Recorded information.
[Start of Attachment]
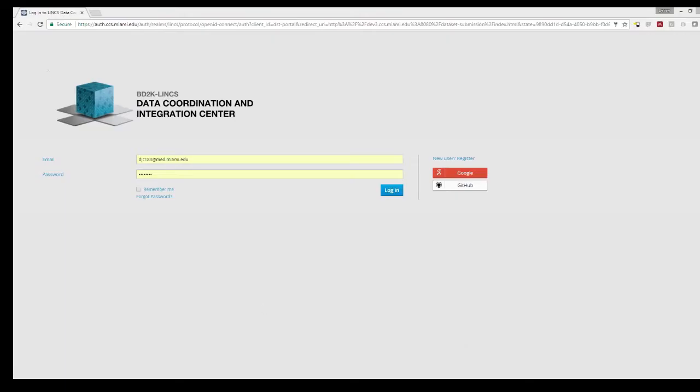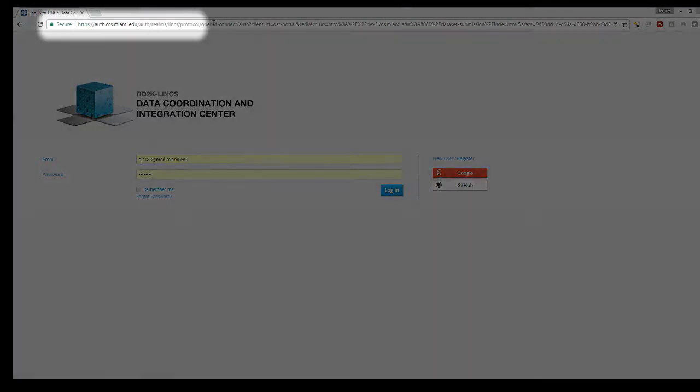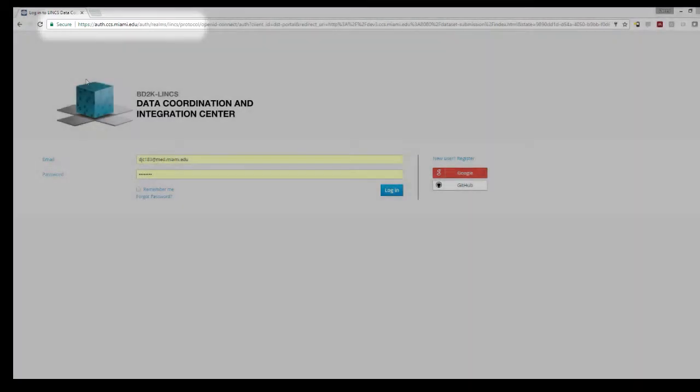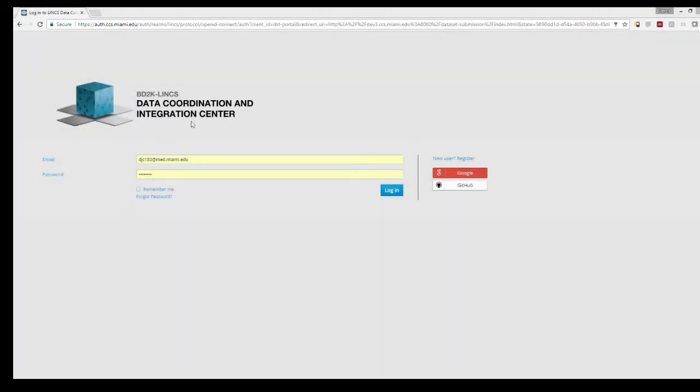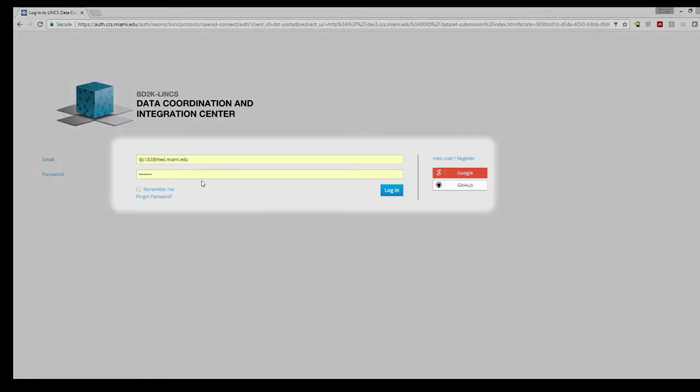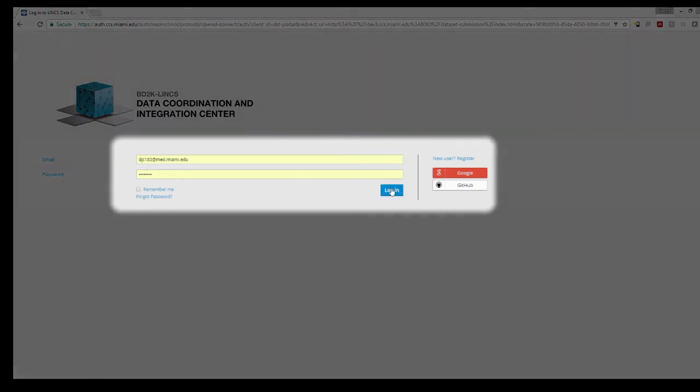Here we are at the Lynx DCIC data submission tool login page. You can see the address is a secure address and includes, among several other things, a single sign-on with Cedar through KeyCloak.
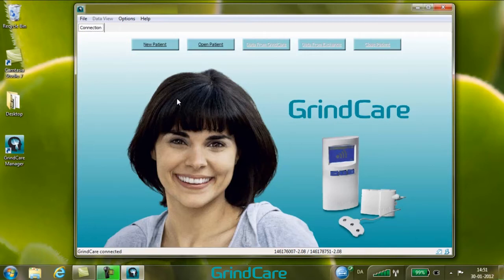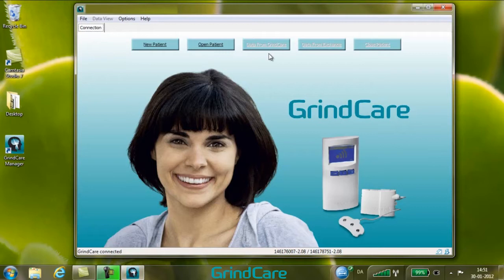The buttons on the main screen are: New Patient, where you create a new patient; Open Patient, where you open an existing patient file; and Data from GrindCare, which is used for appending data from the connected GrindCare device to the active patient file.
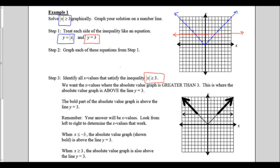In order to do this, we're looking for where the absolute value graph — the blue graph, the v-shape — is greater than, which would be above, the line y equals 3. The line y equals 3 was the red horizontal line. So we're looking for where the v is above the line in this part and in this part.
[End of Attachment]
What the exercise asks. The response has to be an exact copy of all the data, pictures excluded.

Answer.
Here we are at the Lynx DCIC data submission tool login page. You can see the address is a secure address and includes, among several other things, a single sign-on with Cedar through KeyCloak.
The buttons on the main screen are: New Patient, where you create a new patient; Open Patient, where you open an existing patient file; and Data from GrindCare, which is used for appending data from the connected GrindCare device to the active patient file.
In order to do this, we're looking for where the absolute value graph — the blue graph, the v-shape — is greater than, which would be above, the line y equals 3. The line y equals 3 was the red horizontal line. So we're looking for where the v is above the line in this part and in this part.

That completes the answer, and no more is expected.